Search engine optimization (SEO) experts need to stay on top of Google's search algorithm updates if they want to stay on page one. Additionally, Google's algorithm updates often build on past developments. So, reviewing Google's algorithm update history is vital.

Our team of SEO experts has collected the 17 most important algorithm updates Google released between 2019 and 2022.

October Spam Update (2022)

The October Spam Update refines how Google's 'Spam Brain' executes on AI-based spam prevention. If your site currently follows Google's search essentials guidelines (formerly webmaster guidelines), you should be safe and most sites will not see a dip in ranking. 

Still, spam updates give SEO experts important insight into what Google's 'SpamBrain' is thinking. 

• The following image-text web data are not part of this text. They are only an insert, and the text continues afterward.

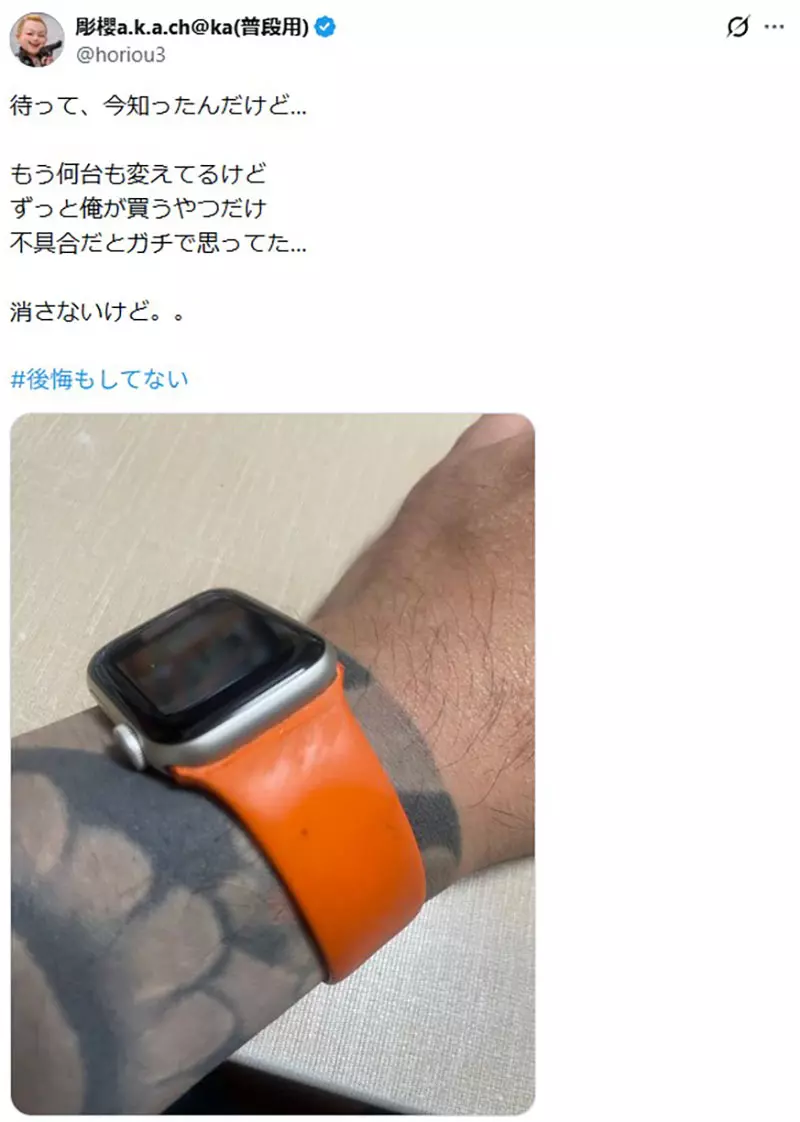 说好一辈子摇滚,日本歌手基里托却想洗文身:Apple Watch 没反应了! 说好一辈子摇滚,日本歌手基里托却想洗文身:Apple Watch 没反应了!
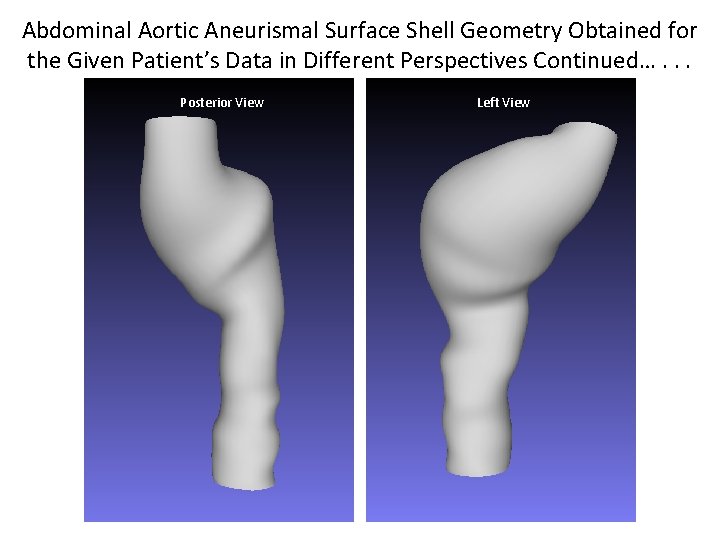 Abdominal Aortic Aneurismal Surface Shell Geometry Obtained for the Given Patient’s Data in Different
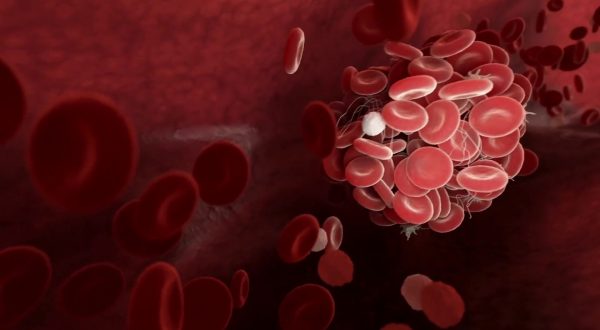 Ormoni e coagulazione, una relazione “pericolosa”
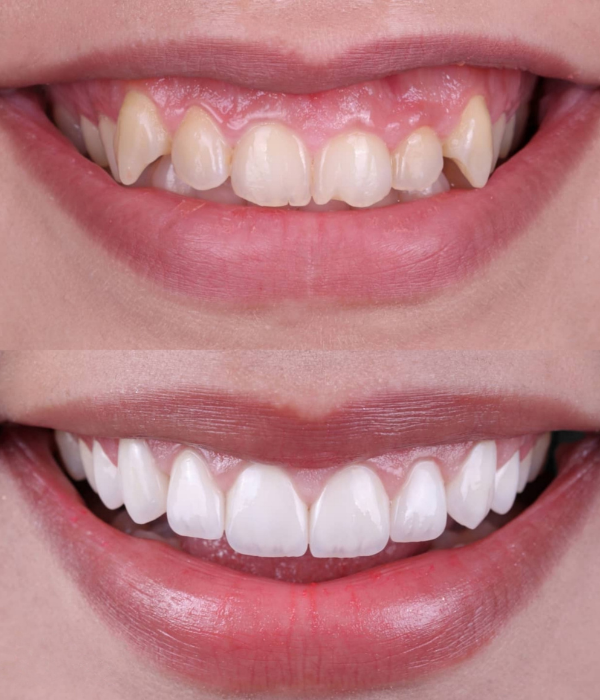 Treatment -  Harcourt Dental Clinic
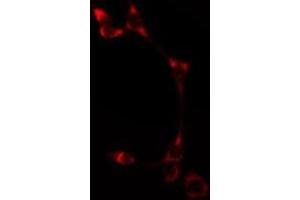 ABIN6275513 staining  HT29 cells by IF/ICC. (ATP2A1/SERCA1 Antikörper  (Internal Region))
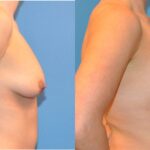 Breast Augmentation & Lift #13 - Before and After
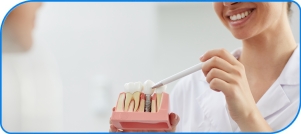 Implant Dentist Near Me in Norwalk, CA Implant Dentist Near Me in Norwalk, CA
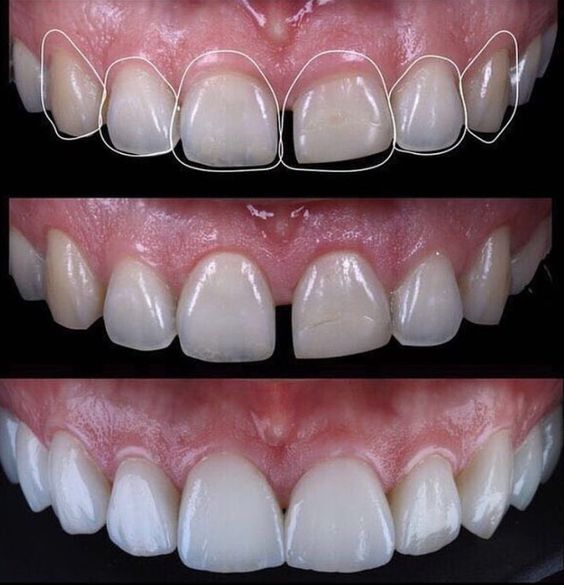veneer răng sứ tại bedental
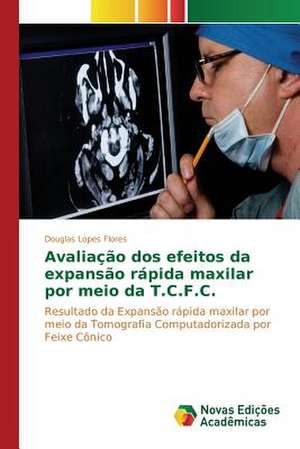 Avaliacao DOS Efeitos Da Expansao Rapida Maxilar Por Meio Da T.C.F.C.: Conhecimento E Atitude DOS Obstetras No Trabalho de Parto de Douglas Lopes Flores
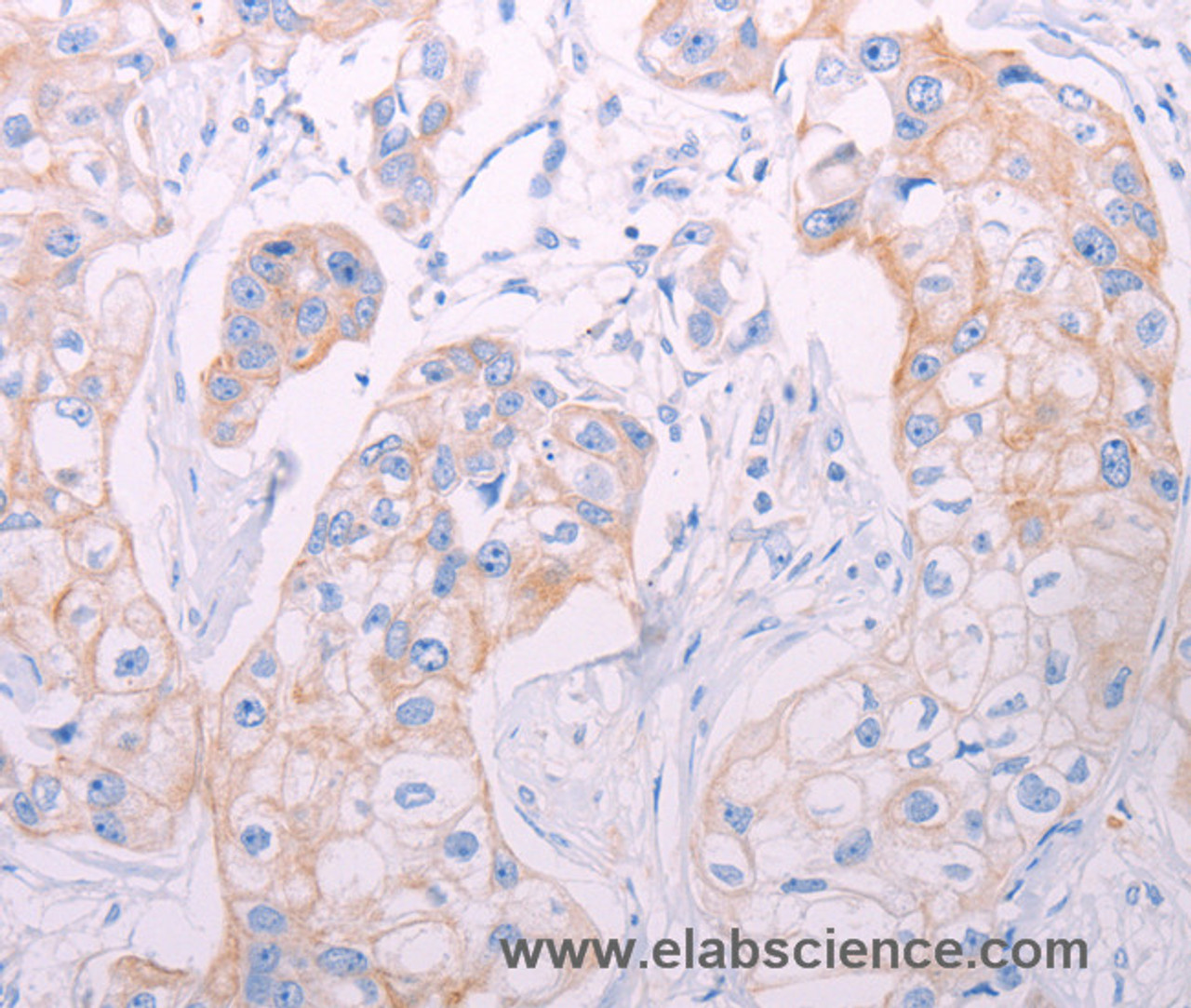 Immunohistochemistry of paraffin-embedded Human breast cancer tissue using ADAMTS14 Polyclonal Antibody at dilution 1:50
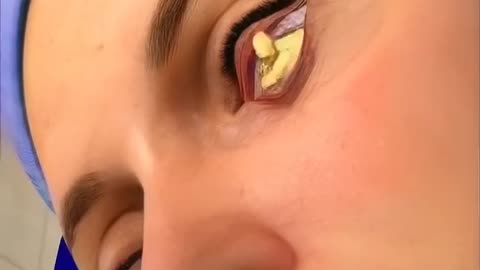 Blepharoplasty 😵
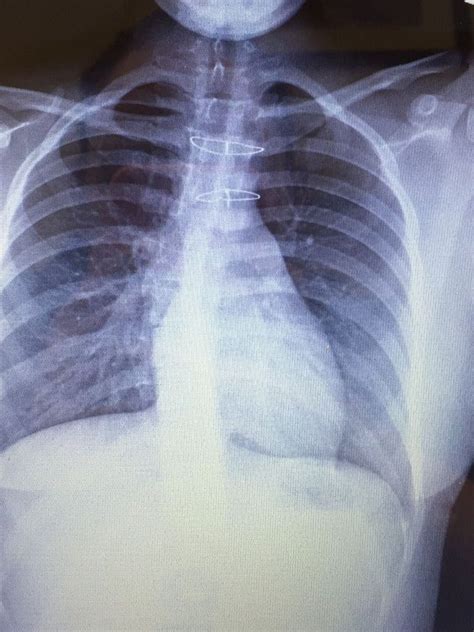 2 sternal wires placed after chest was cracked to fix aorta - MEDizzy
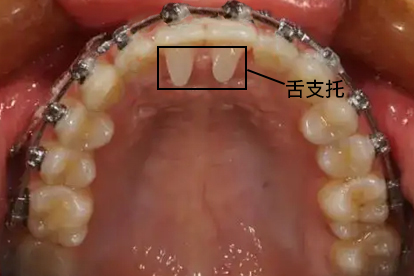 舌隆突支托图片图片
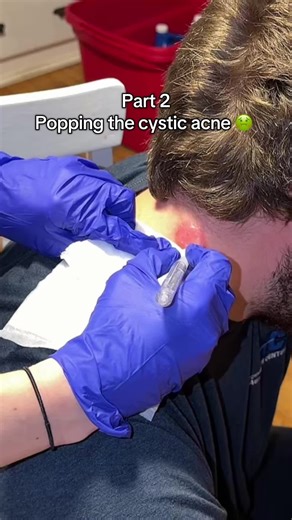Cystic Acne Popping Experience with Friends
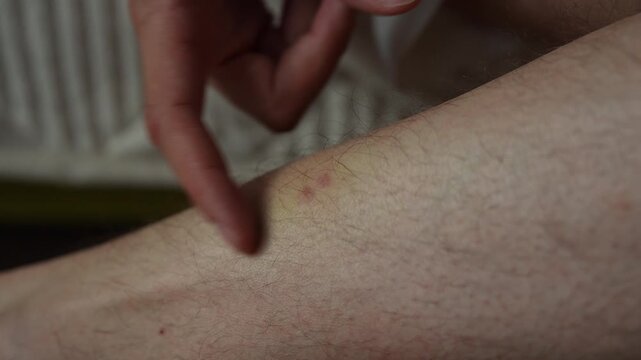 Close-up cropped shot of unrecognizable man pointing at insect bite on leg. Skin showing redness, irritation, small bump from mosquito, bug. Medical, health, dermatology concept, slow motion.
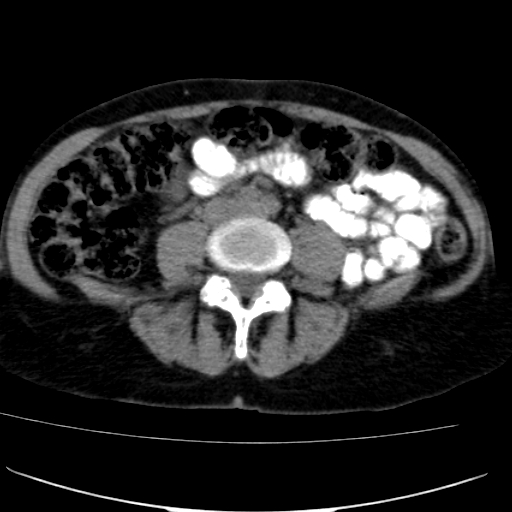 File:Atypical renal cyst (Radiopaedia 17536-17251 non-contrast 30).jpg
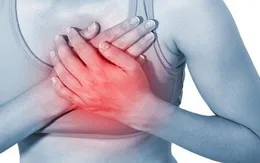 Gần 1/2 các cơn đau tim không có triệu chứng ở ngực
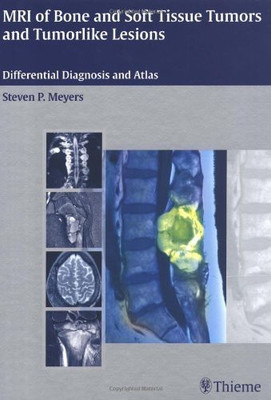MRI of Bone and Soft Tissue Tumors and Tumorlike Lesions(English, Hardcover, Meyers Steven)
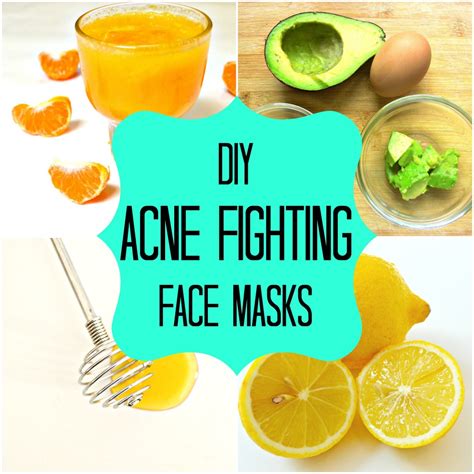 Homemade Face Mask For Acne Treatment At Home!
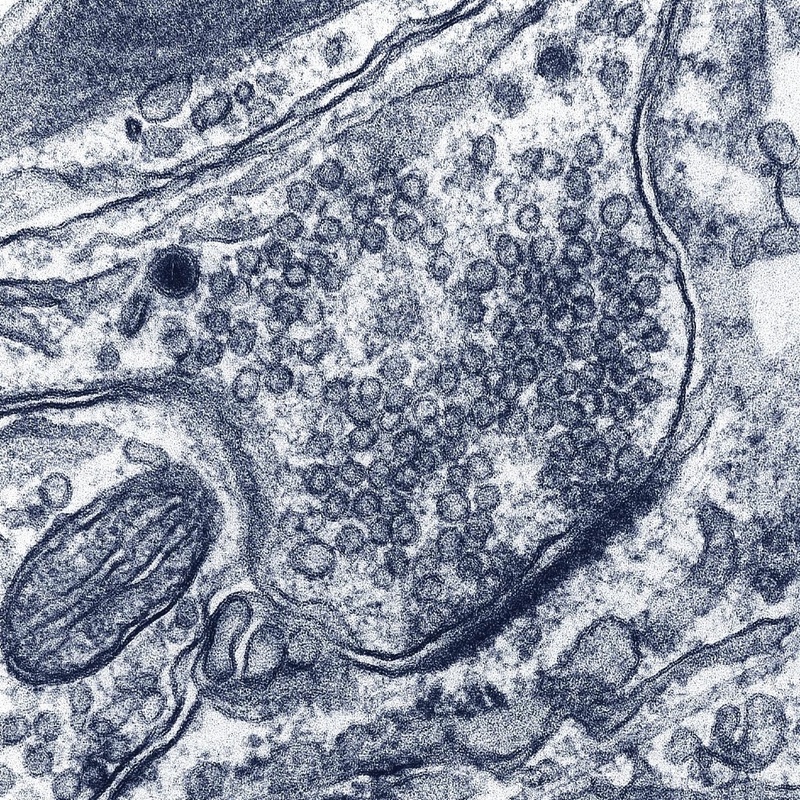 Elektronenmikroskopische Aufnahme einer Synapse zwischen hippokampalen Zellen in Kultur. Der "Vorrat" an synaptischen Vesikeln ist deutlich zu sehen. (Abb: Jürgen Klingauf, Max-Planck-Institut für biophysikalische  Chemie)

September Product Review Algorithm Update (2022)

The September Product Review Algorithm Update corrects bugs and issues in the previous product review updates. It also works in tandem with the Helpful Content Update to further define what constitutes a 'good review' on English-language sites.

This means that many eCommerce sites not affected by the previous product review updates may feel the impact of this one. 
A Search Result Following the Product Review Update
A Search Result Following the Product Review Update

September Core Algorithm Update (2022)

The September Core Algorithm Update affected many parts of the Google algorithm across most languages. Specifically, the September Core Algorithm Update seems to have boosted the Helpful Content Update from August.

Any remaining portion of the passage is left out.